One thing you can say about Mini Sledgehammer: it’s never boring! Kristin arrived after taking two buses to find the venue double booked (with a pleasant group talking about dying over a microphone).

She spotted three of our regulars in the corner. They chatted; they decided the night wasn’t right for a Mini. Two of the three left; Kristin waited for the third as she used the restroom. While Kristin did so, a familiar face appeared: two of our main Sledgehammer participants had been sitting across the room!

So then there were three, and they had prompts, and Kristin had wine, and they wrote. No one cared about the prizes–they just wanted to write. But there was a winner! Congratulations, Kevin!

Prompts:
Character: A patient participant
Action: Double booking
Setting: A sunnier place
Prop: A mandarin collar

***

Untitled

by Kevin Nusser

Usually I am patient, good at standing still and thinking. In middle school, I would lie on the couch bored to death. My Mom would go down a litany of things to do. I would tell her I was beyond boredom, too bored to do anything more than stare up at the ceiling. Usually I am patient.

On the weekends, I stand outside the goodwill outlet store for an hour in the cold, just for the chance to bring the first at the old books. In that line of thirty people I am patient.

But this line is not about patience. It is about desperation. We have all been told the chances of getting on this flight to a sunnier place. We all can feel that warmth. But this flight has been double booked. And this line suggests bookings of infinitely more.

I stand behind a little girl dressed in a fine kimono with a mandarin collar. She is not a patient participant, exhausting her mother and already tired of the few magic tricks that I know.

We slowly shuffle forward, inching towards that place in sunnier weather. I do not know whether I am waiting to get on the plane or waiting for the signal that my life is doomed.

A block from the terminal the doors are shut by national guardsman. I think of wasted minutes as the Mom hugs the kimonoed girl.

And yet, we stay in line. Usually I am patient, even to death.

(c) Kevin Nusser 2012

Mini Sledgehammer October 2012: Blackbird Wine & Atomic Cheese

Kristin arrived by bicycle at 7:02 p.m., but returning Mini Sledgehammer friends had the evening under control: They were happily dividing up responsibility to come up with the writing prompts.

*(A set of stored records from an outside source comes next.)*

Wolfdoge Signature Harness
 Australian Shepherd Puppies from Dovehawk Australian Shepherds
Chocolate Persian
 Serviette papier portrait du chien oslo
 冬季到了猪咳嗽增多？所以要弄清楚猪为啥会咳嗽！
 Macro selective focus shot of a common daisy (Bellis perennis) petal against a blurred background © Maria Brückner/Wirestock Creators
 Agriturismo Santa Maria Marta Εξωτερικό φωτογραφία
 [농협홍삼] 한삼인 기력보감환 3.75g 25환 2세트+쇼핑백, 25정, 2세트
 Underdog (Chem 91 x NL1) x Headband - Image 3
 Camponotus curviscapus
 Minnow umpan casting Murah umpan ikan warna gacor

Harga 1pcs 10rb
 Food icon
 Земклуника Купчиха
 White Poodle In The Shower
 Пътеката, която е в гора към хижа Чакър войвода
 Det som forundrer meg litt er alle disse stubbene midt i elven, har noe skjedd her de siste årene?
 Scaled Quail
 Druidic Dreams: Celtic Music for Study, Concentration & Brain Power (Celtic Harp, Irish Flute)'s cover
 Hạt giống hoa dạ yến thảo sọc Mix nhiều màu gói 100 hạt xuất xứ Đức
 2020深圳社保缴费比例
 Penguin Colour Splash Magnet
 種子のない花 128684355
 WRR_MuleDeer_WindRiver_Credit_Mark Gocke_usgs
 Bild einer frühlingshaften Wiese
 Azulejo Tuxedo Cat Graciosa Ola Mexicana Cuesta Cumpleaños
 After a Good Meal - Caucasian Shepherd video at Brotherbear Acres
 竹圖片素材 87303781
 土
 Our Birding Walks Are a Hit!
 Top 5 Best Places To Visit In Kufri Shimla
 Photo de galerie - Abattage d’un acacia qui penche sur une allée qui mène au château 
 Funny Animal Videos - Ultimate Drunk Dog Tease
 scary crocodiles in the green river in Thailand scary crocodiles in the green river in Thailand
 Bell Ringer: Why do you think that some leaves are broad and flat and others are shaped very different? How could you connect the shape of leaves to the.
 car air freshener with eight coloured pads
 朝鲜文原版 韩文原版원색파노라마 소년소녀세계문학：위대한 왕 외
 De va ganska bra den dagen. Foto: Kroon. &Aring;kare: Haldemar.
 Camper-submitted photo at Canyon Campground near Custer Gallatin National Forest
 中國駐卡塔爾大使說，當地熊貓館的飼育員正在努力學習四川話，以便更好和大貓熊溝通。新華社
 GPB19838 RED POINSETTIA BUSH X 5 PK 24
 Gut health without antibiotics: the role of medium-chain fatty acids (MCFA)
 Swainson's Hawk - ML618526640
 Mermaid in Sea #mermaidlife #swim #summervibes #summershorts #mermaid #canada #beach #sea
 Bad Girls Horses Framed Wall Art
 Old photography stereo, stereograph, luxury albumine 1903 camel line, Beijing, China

Thanks, all! In addition to the regulars, a couple of new faces joined the group this time–very cool. And every Tuesday is now all-day happy hour at Blackbird! What a treat for us, since we’re there every second Tuesday.

Congratulations to Amy Seaholt!

Prompts:
Character: The Other
Action: Makin’ it or breakin’ it
Setting: Home sweet home
Phrase: the kindness of strangers

***

Pinpoint

by Amy Seaholt

I like to ignore The Other. She irritates me to no end. It wasn’t always that way.

Back in the day, when we were trying to make it or break it in Hollywood, we were a team. Inseparable. The glorious Gibson sisters. Our star was just a pinpoint in that bright LA sky, but we were determined to make it shine brighter. The Other was the talker, but I had the voice. She talked her way into getting us the audition with Mr. Crosby. I never knew exactly how she did it but I had my suspicions; her behind closed doors and a feather in her lipstick line. When we got the gig, it was me Mr. Crosby was looking at. My voice made it happen. The Other called him Bing.

We were photographed in matching scarves and brown bobs curling around our jaws, squeezed lovingly into a convertible owned by one mogul or another. It lasted like as long as the flash of the bulb that caught us.

Mr. Crosby got us one last job on the Luxe Radio Theater hour. But radio wasn’t a ticket to the big time. We came away no brighter than we were before.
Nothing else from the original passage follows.